For a four-process run, create four server/client YAML pairs with unique server ports such as 5021, 5022, 5023, and 5024, and unique client local ports such as 5121, 5122, 5123, and 5124.

Run the RDMA RoCE benchmark¶

Start from examples/daqiri_bench_rdma_tx_rx.yaml or examples/daqiri_bench_rdma_tx_rx_spark.yaml. The full config can run both endpoints in one process:

./build-socket-rdma/examples/daqiri_bench_rdma \
  examples/daqiri_bench_rdma_tx_rx_spark.yaml \
  --seconds 10 --mode both

rdma_bench_server and rdma_bench_client accept cpu_core plus optional tx_depth and rx_depth fields. cpu_core pins the benchmark application's server/client role thread, separately from the DAQIRI queue worker cores. The depth defaults follow the ib_send_bw shape: tx_depth: 128, rx_depth: 512. The benchmark preposts receive work before sending, refills receive work after completions, and keeps the transmit side bounded by tx_depth.

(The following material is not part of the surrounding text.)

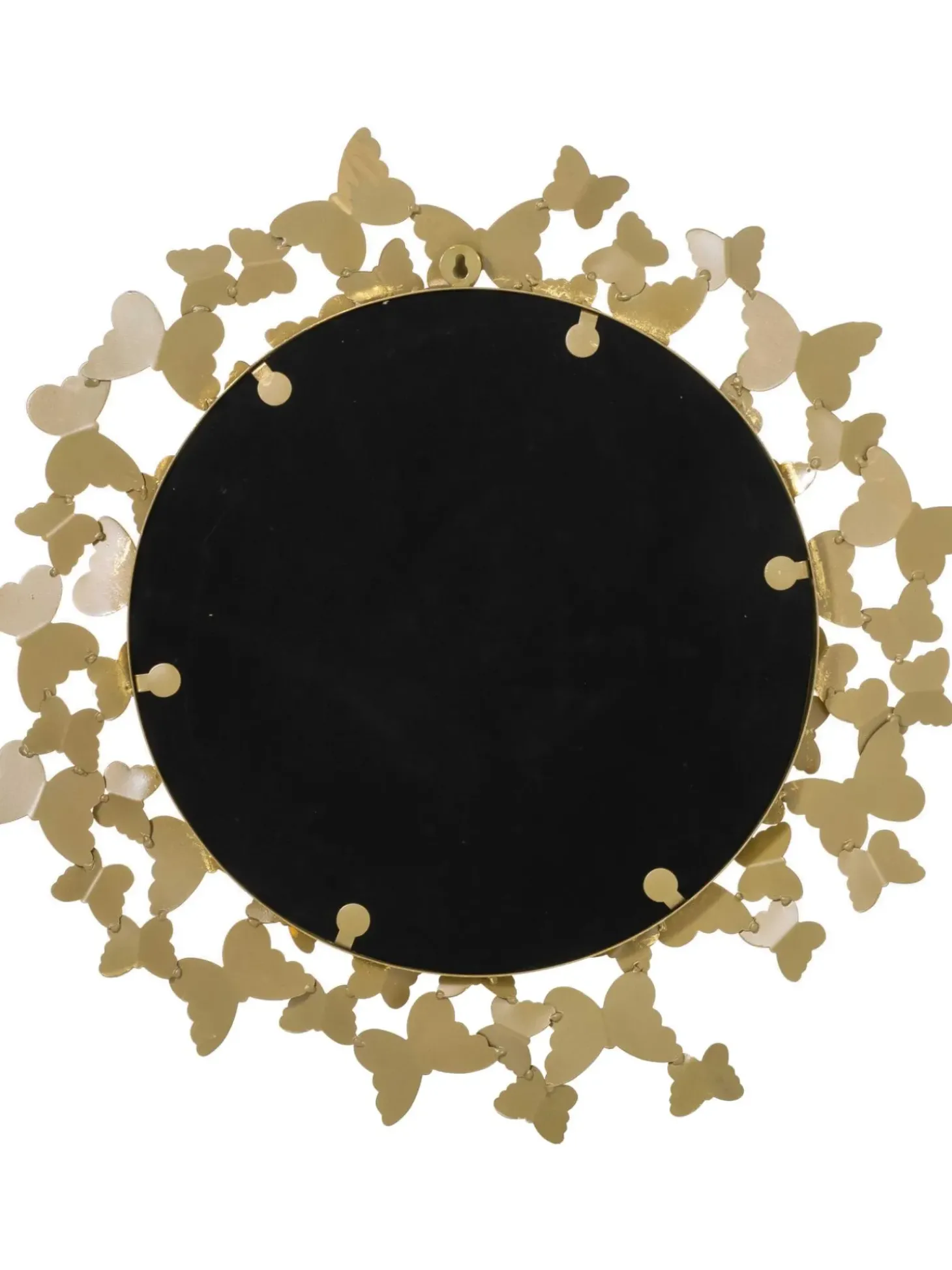 Specchio Rotondo Da Parete Con Finitura Antica Butterfly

For 4 KiB SEND-style stress tests, set the RX/TX memory-region num_bufs high enough for the chosen windows, for example at least rx_depth receive buffers and tx_depth transmit buffers per side.

For namespace testing, split the file by role just as in the Linux socket test:

The server YAML keeps the server memory regions, the server interface with socket_config.mode: server, and rdma_bench_server.
The client YAML keeps the client memory regions, the client interface with socket_config.mode: client, and rdma_bench_client.
Both files use stream_type: "socket" and roce:// endpoint URIs.
The client DAQIRI interface uses its local roce:// endpoint; rdma_bench_client.server_address and server_port choose the peer at the app layer.
rdma_bench_client.client_address should be the client namespace IP.

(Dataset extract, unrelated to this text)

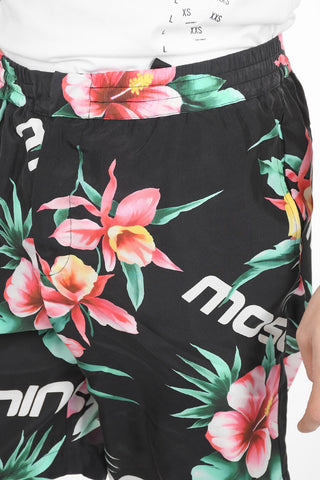 Silk Shorts With Floreal Print And Drawstring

Run the split RDMA test with the same namespace pair:

export LD_LIBRARY_PATH=/work/build-socket-rdma/src:${LD_LIBRARY_PATH:-}
BIN=/work/build-socket-rdma/examples/daqiri_bench_rdma

ip netns exec "$SERVER_NS" env LD_LIBRARY_PATH="$LD_LIBRARY_PATH" \
  "$BIN" /tmp/rdma-server.yaml --seconds 11 --mode server &

sleep 1

ip netns exec "$CLIENT_NS" env LD_LIBRARY_PATH="$LD_LIBRARY_PATH" \
  "$BIN" /tmp/rdma-client.yaml --seconds 10 --mode client

wait

Use ib_send_bw or ib_write_bw in the same namespaces as a comparison baseline, and monitor mlnx_perf or ethtool -S on the same directional interfaces.

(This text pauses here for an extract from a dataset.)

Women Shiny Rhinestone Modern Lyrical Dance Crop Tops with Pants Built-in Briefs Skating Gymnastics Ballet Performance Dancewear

Example Spark socket results¶

The following DAQIRI socket matrix was run on the verified physical path enp1s0f0np0 -> enp1s0f1np1 with four client/server process pairs:

Protocol	Message size	App TX	App RX	Loss	Client `tx_packets_phy`	Server `rx_packets_phy`
TCP	1000	10.93 Gb/s	10.93 Gb/s	0.00%	1,513,047	1,513,047
TCP	8000	11.20 Gb/s	11.20 Gb/s	0.00%	1,550,052	1,550,052
TCP	1 MiB	11.67 Gb/s	11.67 Gb/s	0.00%	1,615,399	1,615,399
UDP	1000	12.28 Gb/s	11.68 Gb/s	4.88%	15,350,463	15,350,463
UDP	8000	12.93 Gb/s	10.10 Gb/s	21.91%	2,020,461	2,020,461
UDP	65507	12.84 Gb/s	12.41 Gb/s	3.34%	1,960,392	1,960,392

UDP 1 MiB is intentionally skipped because Linux UDP payloads above 65507 bytes require fragmentation or segmentation behavior outside the benchmark's supported payload model.

Restore host networking¶

After tests, move interfaces back to the host and restore the usual IPs. Adjust names and addresses for the target machine:

for ns in "$CLIENT_NS" "$SERVER_NS"; do
  ip netns exec "$ns" ip link set "$CLIENT_IF" netns 1 >/dev/null 2>&1 || true
  ip netns exec "$ns" ip link set "$SERVER_IF" netns 1 >/dev/null 2>&1 || true
done

ip netns delete "$CLIENT_NS" >/dev/null 2>&1 || true
ip netns delete "$SERVER_NS" >/dev/null 2>&1 || true

for ifc in enp1s0f0np0 enp1s0f1np1 enP2p1s0f0np0 enP2p1s0f1np1; do
  ip addr flush dev "$ifc" >/dev/null 2>&1 || true
  ip link set dev "$ifc" mtu 9082 up >/dev/null 2>&1 || true
done

Loopback disable knobs¶

If namespace isolation still increments only vport counters, check whether the platform exposes loopback control:

ethtool --show-priv-flags <interface>
ethtool --set-priv-flags <interface> local_lb off

mlxconfig -d <device> q | grep FORCE_LOOPBACK_DISABLE
mlxconfig -d <device> set FORCE_LOOPBACK_DISABLE=1

Treat firmware settings as maintenance-window changes: query first, set only with the proper Mellanox tooling available, then reset or reboot as required and rerun the same rx_packets_phy proof.